I have a question in my project. I do not know whether I need to work netbeans or not. My work is about library book of recommendation systems . that as input I need book Classification ontology . in my ontology classify library books. this classification has 14 categories, beside the sibling classes Author, book, Isbn. Individuals in book class are book’s subject(about 600 subjects) , and individuals in author class are name’s author and also isbn class.

also I collected and Have got in part of belong book to categories manually. That a object properties is name “hasSubject” related individual book class with categories.

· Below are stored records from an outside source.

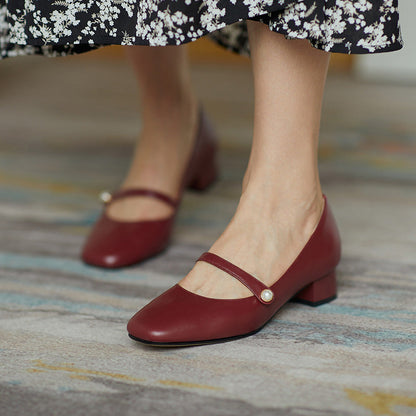 Pantofi cu toc gros Mary Jane vintage de Cristina Gore
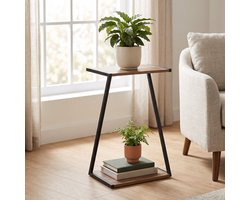 Cheqo® Plantenstandaard - Plantentafel - Bloempothouder - Plantenkruk - Plantenrek met 2 Niveaus - Plantenhouder - Plantentafeltje voor Binnen - Bloempot Standaard - Plantenzuil - Bijzettafel - Industrieel Design voor Woonkamer en Balkon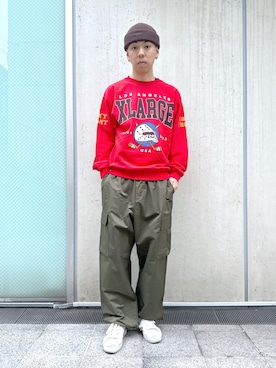 「アイテム（スウェット）」を使った、中山 麗士さん（メンズ・178cm・20代）の冬コーディネート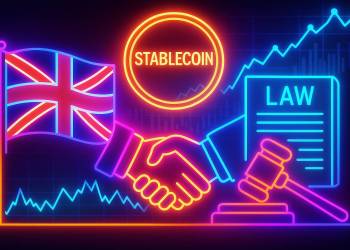 Fotorealistisches Bild mit Handschlag, US- und UK-Flaggen, goldene Stablecoin-Münze – Symbol für transatlantisches Krypto-Abkommen.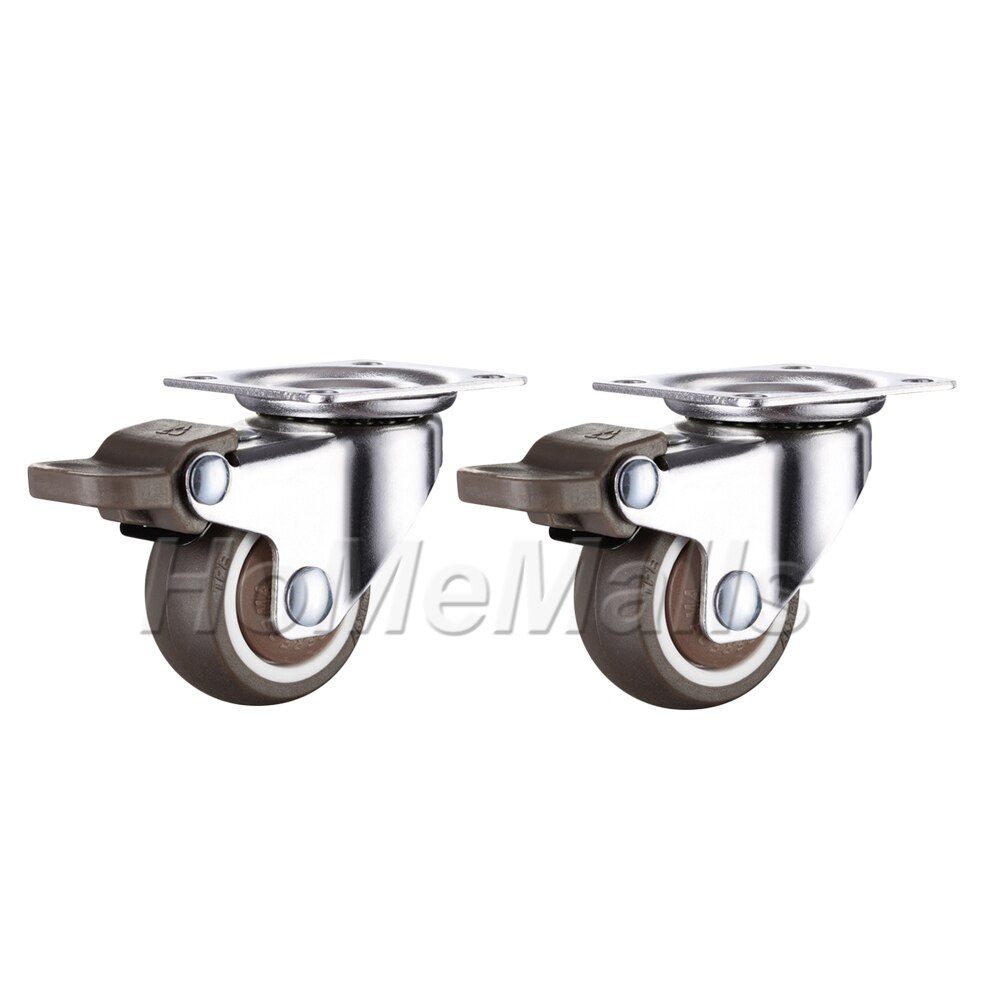 2pcs Swivel Caster Rubber 360 Degree Wheels Silent Top Plate Universal Caster For Shopping Cart Trolley Workbench Smooth Durable: 2 inch / 2pcs With Brake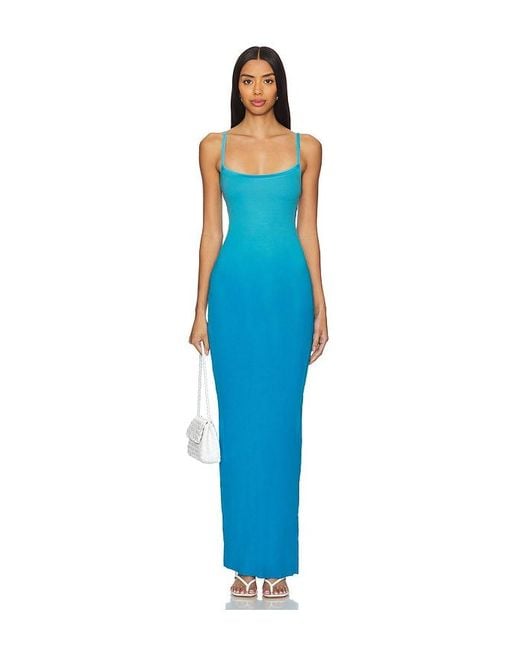 Cotton Citizen Blue Verona Spaghetti Maxi Dress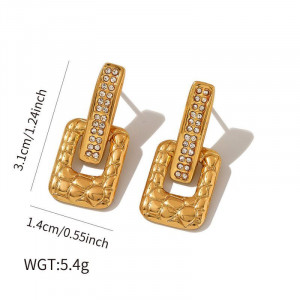 Серьги из титановой стали с квадратом и стразами ASUZ56500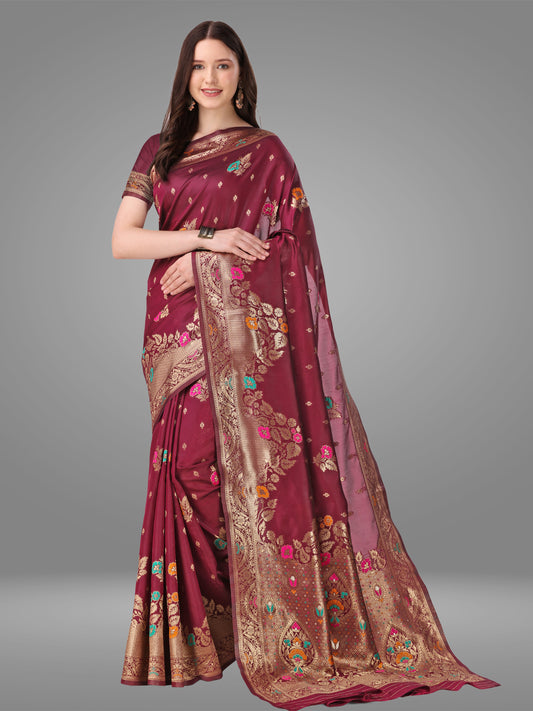 Wine Banarasi Jacquard Saree With Blouse Piece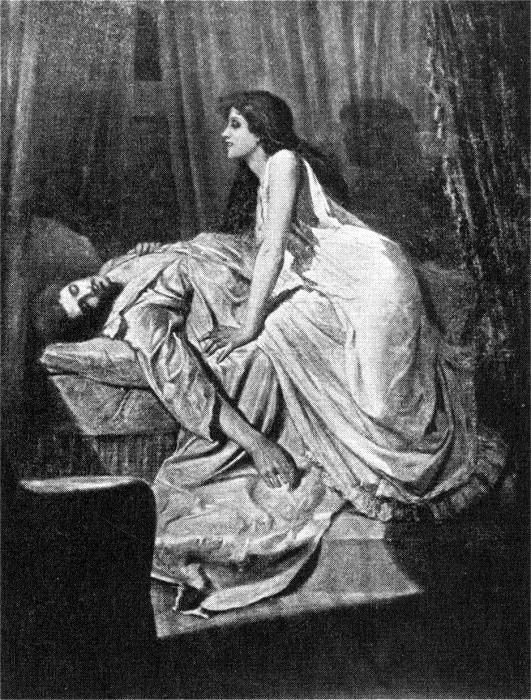 The Vampire de Philip Burne-Jones, 1897 : une femme penchée au-dessus d'un homme étendu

Example book “A” hasSubject Categories “S” and “F” and…. But as a finally result I want to apply this formula:

sim(x,y)=(C1,1)/(C1,0+ C0,1+ C1,1)

where C1,1 represents the number of categories that book “X” and book”Y” belongs it.(they) and C1,0 represents the number of categories that book “X” belongs them but book “Y” does not belong them. And C0,1 represents the number of categories that book “y” belongs them but book “x” does not belong them. Finally Similarity is obtained between two book (“A”and”B”) . no again apply this formula to book”A” and book”C” and so on. Until Similarity is obtained between all books. Now Your opinion this work done by netbeans or sparql in protégé?

I think that maybe I tell that if I make hasSibinling properties that represented, in every book Compute The group has shared the books with her.( What do you think I am)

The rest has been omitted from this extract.